Vijaykrishnan Narayanan is the A. Robert Noll Chair Professor of Computer Science & Engineering and Electrical Engineering at the Pennsylvania State University. Vijay received his Bachelors in Computer Science & Engineering from University of Madras, India in 1993 and his Ph.D. in Computer Science & Engineering from the University of South Florida, USA, in 1998. He is a co-director of the Microsystems Design Lab. He is a Fellow of the National Academy of Inventors, IEEE and ACM.


Panelists

Prof. Narasimha Reddy

Texas A&M University

Narasimha Reddy Narasimha Reddy received a B.Tech. degree in Electronics and Electrical Communications Engineering from the Indian Institute of Technology, Kharagpur, India in August 1985, and M.S. and Ph.D. degrees in Computer Engineering from the University of Illinois at Urbana-Champaign in May 1987 and August 1990, respectively Reddy’s research interests are in Computer Networks, Storage Systems, Multimedia Systems, and Computer Architecture. During 1990-1995, he was a Research Staff Member at IBM Almaden Research Center in San Jose where he worked on projects related to disk arrays, multiprocessor communication, hierarchical storage systems and video servers. Reddy holds five patents and and was awarded a technical accomplishment award while at IBM. He received an NSF Career Award in 1996. He was a Faculty Fellow of the College of Engineering at Texas A&M during 1999-2000. His honors include an Outstanding Professor award by the IEEE student branch at Texas A&M during 1997-1998, an Outstanding Faculty award by the Department of Electrical and Computer Engineering during 2003-2004, a Distinguished Achievement award for teaching from the Former Students Association of Texas A&M University, and a citation “for one of the most influential papers from the 1st ACM Multimedia Conference”. Reddy is a Fellow of IEEE Computer Society and is a member of ACM.

Dr. Akhilesh Jaiswal

Univeristy of Southern California

Akhilesh Jaiswal Dr. Akhilesh Jaiswal is a Research Assistant Professor of Electrical and Computer Engineering at USC’s Viterbi School of Engineering. He also serves as a computer scientist with ASIC Lab at the Information Sciences Institute. His current research interest includes device-circuit co-design using existing and alternate state variables for future electronic systems. Prior to USC/ISI, Dr. Jaiswal served as a Senior Research Engineer for Technology Solutions Group at GLOBALFOUNDRIES. As a Senior Engineer, he worked on developing a compact device model for MRAM-based AI in-memory compute circuits and enabling AI acceleration through hybrid photonic-electronic neuro-mimetic devices.

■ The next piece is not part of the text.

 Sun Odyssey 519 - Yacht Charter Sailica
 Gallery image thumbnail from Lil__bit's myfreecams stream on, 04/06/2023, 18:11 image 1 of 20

Akhilesh received his Ph.D. degree in Nano-electronics from Purdue University in May 2019 and his Master’s degree from the University of Minnesota in May 2014. As a part of the doctoral program, his research focused on 1) Exploration of bio-mimetic devices and circuits using emerging non-volatile technologies for Neuromorphic computing. 2) CMOS based analog and digital in-memory and near-memory computing using standard memory bit-cells for beyond von-Neumann AI/ML acceleration. Dr. Jaiswal has authored some of the initial pioneering works on Processing-in-Pixel and SRAM based in-memory computing.